EXERCISE MATERIALS START
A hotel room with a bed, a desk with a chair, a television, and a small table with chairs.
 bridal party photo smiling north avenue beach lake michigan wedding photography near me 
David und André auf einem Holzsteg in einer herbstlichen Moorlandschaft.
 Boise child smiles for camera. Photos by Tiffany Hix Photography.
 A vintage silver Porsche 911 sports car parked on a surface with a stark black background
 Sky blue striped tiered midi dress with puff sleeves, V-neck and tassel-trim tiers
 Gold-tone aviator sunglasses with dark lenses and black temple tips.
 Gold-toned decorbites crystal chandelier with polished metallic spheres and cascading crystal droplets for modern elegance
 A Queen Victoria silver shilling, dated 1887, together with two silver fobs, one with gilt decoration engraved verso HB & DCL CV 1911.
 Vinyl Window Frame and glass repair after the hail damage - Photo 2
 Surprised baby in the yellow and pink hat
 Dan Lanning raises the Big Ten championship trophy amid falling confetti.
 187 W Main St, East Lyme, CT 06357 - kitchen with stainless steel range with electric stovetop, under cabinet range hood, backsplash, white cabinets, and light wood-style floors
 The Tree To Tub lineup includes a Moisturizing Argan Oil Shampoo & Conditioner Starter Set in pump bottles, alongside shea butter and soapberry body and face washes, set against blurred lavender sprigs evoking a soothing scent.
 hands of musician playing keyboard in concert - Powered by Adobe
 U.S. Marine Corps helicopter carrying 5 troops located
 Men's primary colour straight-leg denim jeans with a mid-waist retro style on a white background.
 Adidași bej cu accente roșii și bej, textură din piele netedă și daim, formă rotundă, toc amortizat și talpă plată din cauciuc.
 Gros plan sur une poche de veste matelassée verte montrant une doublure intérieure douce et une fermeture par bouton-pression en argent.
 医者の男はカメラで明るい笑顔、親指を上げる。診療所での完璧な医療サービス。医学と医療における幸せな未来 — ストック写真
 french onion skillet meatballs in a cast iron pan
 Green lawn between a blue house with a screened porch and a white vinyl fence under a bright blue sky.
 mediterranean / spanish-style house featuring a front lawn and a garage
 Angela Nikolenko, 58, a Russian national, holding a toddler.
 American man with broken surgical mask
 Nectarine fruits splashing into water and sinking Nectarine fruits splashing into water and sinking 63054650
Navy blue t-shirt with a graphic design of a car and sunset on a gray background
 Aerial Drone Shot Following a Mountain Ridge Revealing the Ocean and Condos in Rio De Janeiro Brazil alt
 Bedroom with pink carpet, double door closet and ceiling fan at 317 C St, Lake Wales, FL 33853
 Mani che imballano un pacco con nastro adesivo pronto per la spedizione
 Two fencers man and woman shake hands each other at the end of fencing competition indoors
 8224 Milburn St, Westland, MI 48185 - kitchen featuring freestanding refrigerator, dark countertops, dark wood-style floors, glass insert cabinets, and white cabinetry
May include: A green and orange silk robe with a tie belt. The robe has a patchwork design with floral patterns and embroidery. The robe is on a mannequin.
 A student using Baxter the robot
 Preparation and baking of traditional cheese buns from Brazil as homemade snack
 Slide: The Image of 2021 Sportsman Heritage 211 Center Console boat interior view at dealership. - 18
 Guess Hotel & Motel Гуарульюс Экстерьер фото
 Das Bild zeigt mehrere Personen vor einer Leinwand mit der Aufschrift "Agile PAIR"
EXERCISE MATERIALS END
Whatever appears in the data above should be set down again exactly.

A hotel room with a bed, a desk with a chair, a television, and a small table with chairs.
 bridal party photo smiling north avenue beach lake michigan wedding photography near me 
David und André auf einem Holzsteg in einer herbstlichen Moorlandschaft.
 Boise child smiles for camera. Photos by Tiffany Hix Photography.
 A vintage silver Porsche 911 sports car parked on a surface with a stark black background
 Sky blue striped tiered midi dress with puff sleeves, V-neck and tassel-trim tiers
 Gold-tone aviator sunglasses with dark lenses and black temple tips.
 Gold-toned decorbites crystal chandelier with polished metallic spheres and cascading crystal droplets for modern elegance
 A Queen Victoria silver shilling, dated 1887, together with two silver fobs, one with gilt decoration engraved verso HB & DCL CV 1911.
 Vinyl Window Frame and glass repair after the hail damage - Photo 2
 Surprised baby in the yellow and pink hat
 Dan Lanning raises the Big Ten championship trophy amid falling confetti.
 187 W Main St, East Lyme, CT 06357 - kitchen with stainless steel range with electric stovetop, under cabinet range hood, backsplash, white cabinets, and light wood-style floors
 The Tree To Tub lineup includes a Moisturizing Argan Oil Shampoo & Conditioner Starter Set in pump bottles, alongside shea butter and soapberry body and face washes, set against blurred lavender sprigs evoking a soothing scent.
 hands of musician playing keyboard in concert - Powered by Adobe
 U.S. Marine Corps helicopter carrying 5 troops located
 Men's primary colour straight-leg denim jeans with a mid-waist retro style on a white background.
 Adidași bej cu accente roșii și bej, textură din piele netedă și daim, formă rotundă, toc amortizat și talpă plată din cauciuc.
 Gros plan sur une poche de veste matelassée verte montrant une doublure intérieure douce et une fermeture par bouton-pression en argent.
 医者の男はカメラで明るい笑顔、親指を上げる。診療所での完璧な医療サービス。医学と医療における幸せな未来 — ストック写真
 french onion skillet meatballs in a cast iron pan
 Green lawn between a blue house with a screened porch and a white vinyl fence under a bright blue sky.
 mediterranean / spanish-style house featuring a front lawn and a garage
 Angela Nikolenko, 58, a Russian national, holding a toddler.
 American man with broken surgical mask
 Nectarine fruits splashing into water and sinking Nectarine fruits splashing into water and sinking 63054650
Navy blue t-shirt with a graphic design of a car and sunset on a gray background
 Aerial Drone Shot Following a Mountain Ridge Revealing the Ocean and Condos in Rio De Janeiro Brazil alt
 Bedroom with pink carpet, double door closet and ceiling fan at 317 C St, Lake Wales, FL 33853
 Mani che imballano un pacco con nastro adesivo pronto per la spedizione
 Two fencers man and woman shake hands each other at the end of fencing competition indoors
 8224 Milburn St, Westland, MI 48185 - kitchen featuring freestanding refrigerator, dark countertops, dark wood-style floors, glass insert cabinets, and white cabinetry
May include: A green and orange silk robe with a tie belt. The robe has a patchwork design with floral patterns and embroidery. The robe is on a mannequin.
 A student using Baxter the robot
 Preparation and baking of traditional cheese buns from Brazil as homemade snack
 Slide: The Image of 2021 Sportsman Heritage 211 Center Console boat interior view at dealership. - 18
 Guess Hotel & Motel Гуарульюс Экстерьер фото
 Das Bild zeigt mehrere Personen vor einer Leinwand mit der Aufschrift "Agile PAIR"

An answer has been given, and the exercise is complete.